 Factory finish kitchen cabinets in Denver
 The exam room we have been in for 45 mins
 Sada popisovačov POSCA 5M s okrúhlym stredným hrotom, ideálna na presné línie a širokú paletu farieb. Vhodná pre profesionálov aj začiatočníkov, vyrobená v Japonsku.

_Work request_. Give the listing again exactly as it appears.

_Written reply_.
 Factory finish kitchen cabinets in Denver
 The exam room we have been in for 45 mins
 Sada popisovačov POSCA 5M s okrúhlym stredným hrotom, ideálna na presné línie a širokú paletu farieb. Vhodná pre profesionálov aj začiatočníkov, vyrobená v Japonsku.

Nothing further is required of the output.